Hamptonite and Pink Floyd co-founder Roger Waters premiered his new film Roger Waters: The Wall at the Toronto International Film Festival on Saturday, September 6.
The movie, by Waters and Sean Evans, chronicles his epic world concert tour The Wall Live, during which he performed Pink Floyd’s masterful 1979 album The Wall in its entirety for the first time since his 1990 “Live in Berlin” concert. Called [in The Daily Mail] one of the “most ambitious and complex rock shows ever staged,” the sold out tour went on for three years, from 2010–2013, it cost some $60 million to produce and is credit with being the As of 2013, the tour holds the highest grossing tour for a solo musician, surpassing fellow Hamptonite Madonna, who held the record before 2013.
Speaking at the premiere on Saturday, which was also his 71st birthday, Waters said the movie was more than a concert documentary. “It’s a protest movie,” Waters explained.

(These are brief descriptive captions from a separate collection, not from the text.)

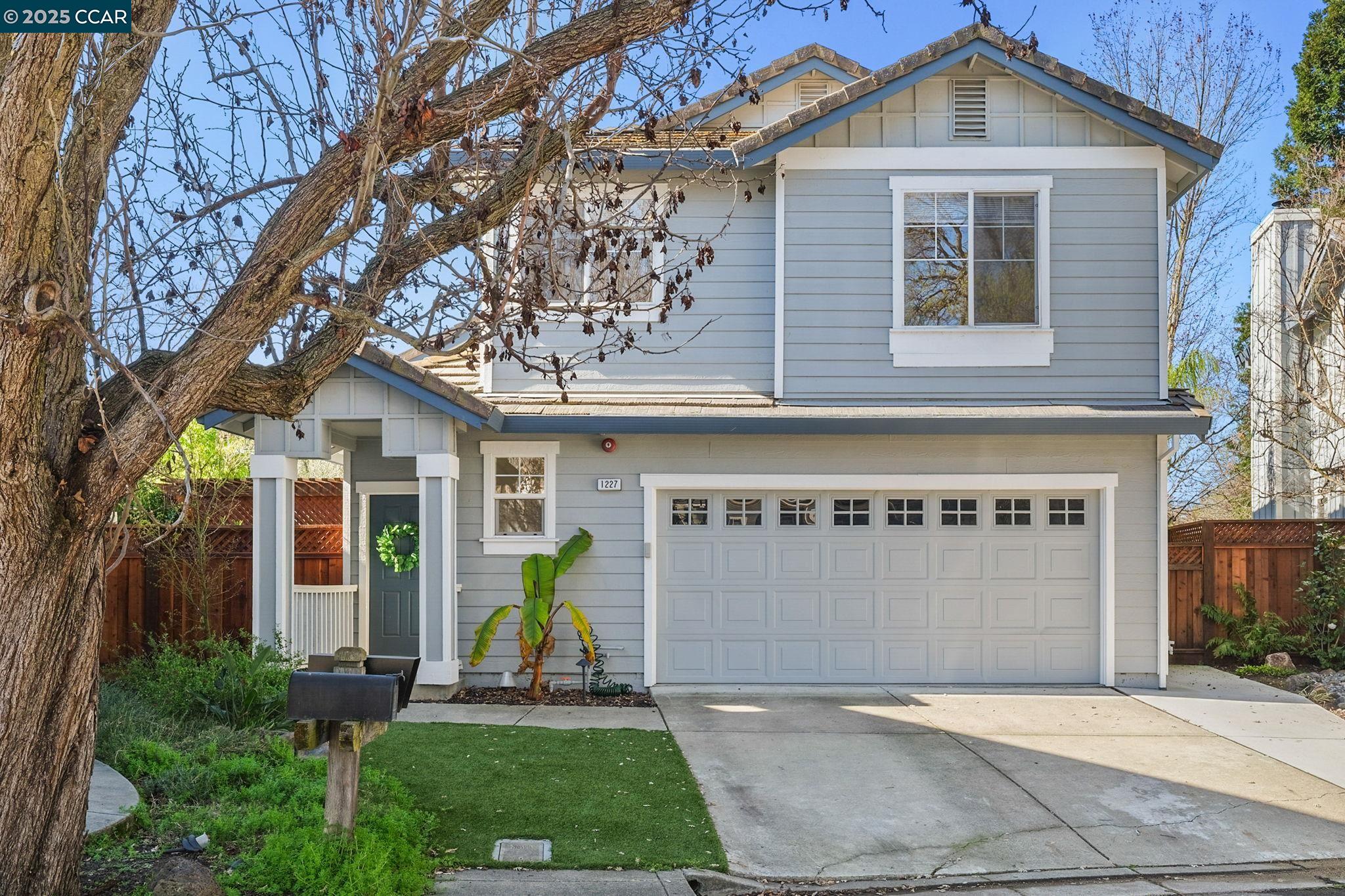 Welcome to this contemporary single family home located at the end of a cul-de-sac in a highly desirable neighborhood in Walnut Creek. Step inside to find high vaulted ceilings with a modern ceiling fan, gorgeous floors and a gas stone fireplace. There is a lot of natural light and a spacious living room, perfect for entertaining. The modern open concept kitchen is great for dining. The kitchen has an island with seating, stainless steel appliances, wine fridge and dining area which is a wonderful place to gather. The kitchen has a door which opens to a backyard oasis. Well maintained yard with a custom pergola and hot tub which is a magnificent retreat. There is a large primary bedroom upstairs with vaulted ceilings and an attached bathroom with a soaking tub, a vanity with two sinks and a shower stall. Upstairs has two more bedrooms and a hall bathroom. Additional features include a nest thermostat. A laundry room with a washer and dryer included. An outdoor storage unit and 2 car garage with ample storage. It also has a newer HVAC. Enjoy the best of Walnut Creek living. Conveniently located near BART stations and freeways. Walking distance to shops, restaurants, Northgate schools and Heather Farms Park. Come tour this home before it is sold!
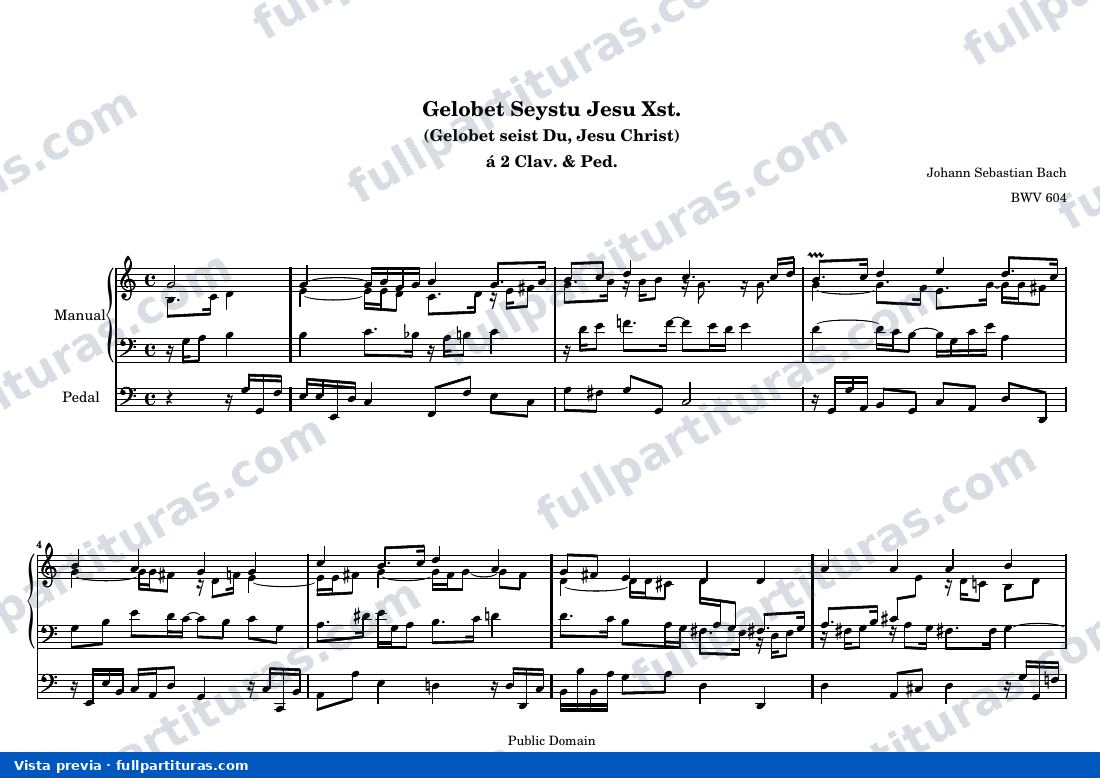Johann Sebastian Bach - Gelobet seist Du, Jesu Christ — preview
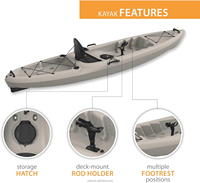 Kayak de pêche en plastique dur pour l'extérieur, paquet de kayak assis sur le dessus pour 2 ou 3 personnes avec sièges rembourrés en EVA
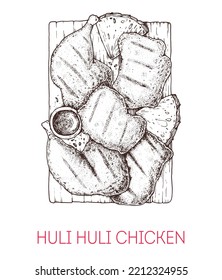 Huli Huli Chicken, Hawaiian food. BBQ meal. Hand drawn vector illustration. Sketch style. Top view. Vintage vector illustration.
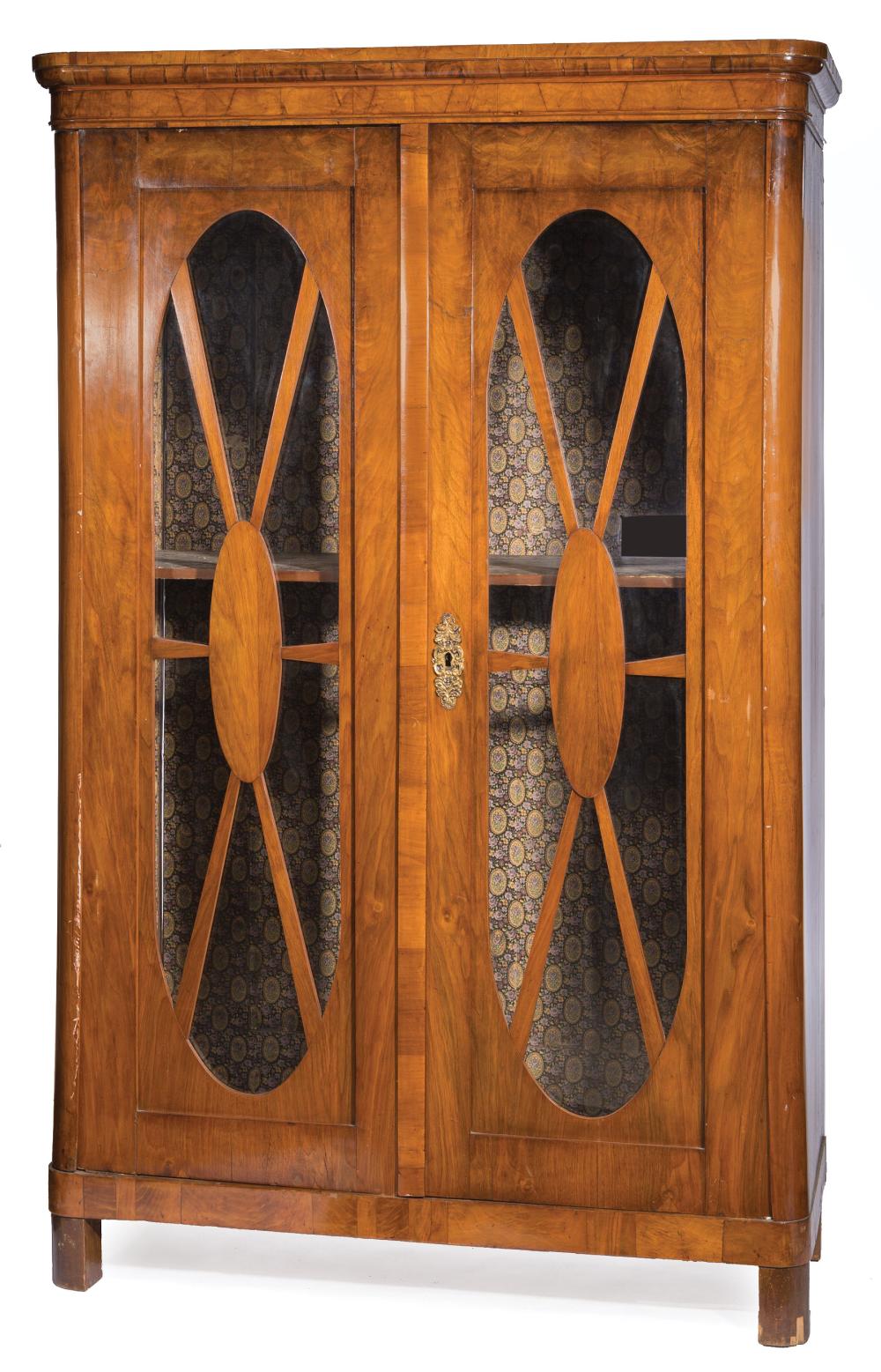 Appraisal: Antique Biedermeier Burl Walnut Vitrine molded cornice with rounded corners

The 133-minute film features all 26 songs from The Wall, but Waters also uses the platform to send out a powerful anti-war message through footage of him visiting various war memorials and cemeteries. Among them, the rock icon visits the grave of his grandfather, who died in World War I, and the battlefield where his father was killed in 1944 while fighting in World War II.
The Wall, in all its incarnations—including the 1982 live-action/animation movie starring Bob Geldof—has always spoke to the horrors of war, and Waters has been quite direct in admonishing the growth of our military-industrial complex, the painful cost of using violence to solve problems and the madness of sacrificing so many lives in the process.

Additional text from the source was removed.